Well… This is a loaded question.
I’m assuming the use case here is fireproofing, in which case I’m still a fan of using a clearance family for this as it’s more efficient in the field both computationally, effort wise, and over time.
- Duplicate the structural framing model.
- Delete everything but the steel that needs fireproofing.
- Disable analytical model for all the elements.
- Right click on your steel type in the project browser and swap it out for the ‘fireproofing profile’ version of the family.
- Load this model into the project for coordination efforts.
I like this because in the end that fireproofing is going to be a built up, and can impede on stuff like headroom and the like, so you should have something to refer to.
If you really want to stay clear of that or because you’re just looking to have fun:
- Get the beam’s family type.
- Get the faces from the type (yes family types have geometry)
- Get the first face from the list of faces.
- Get the perimeter curves from that face.
- Build a polycurve from those curves.
- Get a bounding box of that geometry
- Get the maximum point of the bounding box
- Build a vector by the inverse X and Z values for the maximum point.
- Move the polycurve (5) by that vector (top center of the curve should be the origin now)
Likely from here you want to put that in place, so:
- Get the location of the beam.
- Find the coordinate system at parameter 0 of the curve.
- Rotate that coordinate system about it’s origin by 90 degrees on it’s Z axis.
- Apply this coordinate system to the polycurve from the family type (step 9 in the other list)
- Build a solid by sweep of the curve.
A few caveats:
- The first list of steps might nto work with all structural family types. I only tested W shapes.
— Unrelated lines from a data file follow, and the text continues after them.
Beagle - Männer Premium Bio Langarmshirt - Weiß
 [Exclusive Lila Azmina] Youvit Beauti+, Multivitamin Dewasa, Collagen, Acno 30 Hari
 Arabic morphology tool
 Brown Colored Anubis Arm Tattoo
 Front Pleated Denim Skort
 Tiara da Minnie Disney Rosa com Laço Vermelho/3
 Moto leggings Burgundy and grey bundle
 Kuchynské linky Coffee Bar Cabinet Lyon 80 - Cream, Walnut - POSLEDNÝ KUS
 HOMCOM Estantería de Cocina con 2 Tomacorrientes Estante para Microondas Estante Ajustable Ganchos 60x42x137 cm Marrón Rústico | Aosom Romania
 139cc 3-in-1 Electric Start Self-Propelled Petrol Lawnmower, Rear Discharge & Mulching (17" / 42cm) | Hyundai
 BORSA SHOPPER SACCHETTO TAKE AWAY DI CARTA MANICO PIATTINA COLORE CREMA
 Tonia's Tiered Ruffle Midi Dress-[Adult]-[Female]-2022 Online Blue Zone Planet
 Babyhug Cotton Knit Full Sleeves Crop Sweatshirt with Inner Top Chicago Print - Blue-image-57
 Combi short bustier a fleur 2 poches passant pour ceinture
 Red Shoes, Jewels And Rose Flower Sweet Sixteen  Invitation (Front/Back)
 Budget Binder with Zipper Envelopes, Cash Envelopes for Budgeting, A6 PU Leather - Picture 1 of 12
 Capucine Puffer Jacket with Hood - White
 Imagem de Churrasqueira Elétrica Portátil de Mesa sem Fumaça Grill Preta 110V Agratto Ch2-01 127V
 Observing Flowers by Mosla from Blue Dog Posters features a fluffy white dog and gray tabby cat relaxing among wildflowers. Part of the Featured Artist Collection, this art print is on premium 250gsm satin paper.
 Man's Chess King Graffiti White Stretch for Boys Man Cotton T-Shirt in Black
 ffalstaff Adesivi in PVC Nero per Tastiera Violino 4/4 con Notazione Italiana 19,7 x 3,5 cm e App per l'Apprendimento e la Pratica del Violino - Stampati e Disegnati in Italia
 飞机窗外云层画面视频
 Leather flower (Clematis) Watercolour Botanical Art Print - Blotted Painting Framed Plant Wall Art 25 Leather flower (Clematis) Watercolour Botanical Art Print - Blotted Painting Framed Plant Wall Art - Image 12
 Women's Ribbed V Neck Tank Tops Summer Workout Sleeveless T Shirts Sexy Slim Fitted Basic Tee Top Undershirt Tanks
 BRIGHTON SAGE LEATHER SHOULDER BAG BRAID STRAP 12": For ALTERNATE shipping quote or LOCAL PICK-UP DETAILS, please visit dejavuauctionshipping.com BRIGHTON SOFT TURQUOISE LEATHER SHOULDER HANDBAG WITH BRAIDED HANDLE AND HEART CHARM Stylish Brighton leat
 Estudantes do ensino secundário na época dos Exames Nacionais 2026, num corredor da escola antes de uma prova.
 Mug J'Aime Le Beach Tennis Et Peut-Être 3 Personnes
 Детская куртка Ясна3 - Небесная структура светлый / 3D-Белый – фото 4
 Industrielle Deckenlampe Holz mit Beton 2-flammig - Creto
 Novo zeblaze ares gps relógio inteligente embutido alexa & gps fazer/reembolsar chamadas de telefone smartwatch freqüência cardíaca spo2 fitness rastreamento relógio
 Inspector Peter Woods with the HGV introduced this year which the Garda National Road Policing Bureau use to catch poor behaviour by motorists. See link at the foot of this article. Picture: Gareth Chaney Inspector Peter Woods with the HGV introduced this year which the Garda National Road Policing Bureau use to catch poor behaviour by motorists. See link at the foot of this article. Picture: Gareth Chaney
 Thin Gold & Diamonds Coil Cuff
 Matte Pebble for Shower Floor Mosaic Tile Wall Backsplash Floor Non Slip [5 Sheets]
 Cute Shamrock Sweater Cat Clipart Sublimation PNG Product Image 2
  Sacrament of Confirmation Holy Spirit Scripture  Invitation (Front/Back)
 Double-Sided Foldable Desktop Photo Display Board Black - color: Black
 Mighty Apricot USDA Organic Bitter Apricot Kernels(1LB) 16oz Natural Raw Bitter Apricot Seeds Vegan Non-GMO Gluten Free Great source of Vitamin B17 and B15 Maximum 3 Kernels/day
Instead of ‘first’ you might need ‘last’ or minimum item by area, or some other bit of content. Bounding boxes can help as that family will always be aligned and oriented about the origin.
- You may be putting clearance where you don’t have a beam, as the beams have cuts that we’re not tracking.
- This may not work with rotated beams, as we rotated the coordinate system about it’s Z axis which could not align with the rotation of the beam.
All of those issues can be overcome with an alternative method:
Obviously there are some potential issues here, mostly around offset geometry becoming invalid (you can’t offset a solid into itself any more than you can put your hand though your leg), but it’s likely that the bulk of your families will work out just fine this way, and you’d get the 2" of coverage on the ends of the beam as well (though you may want to remove that in some cases.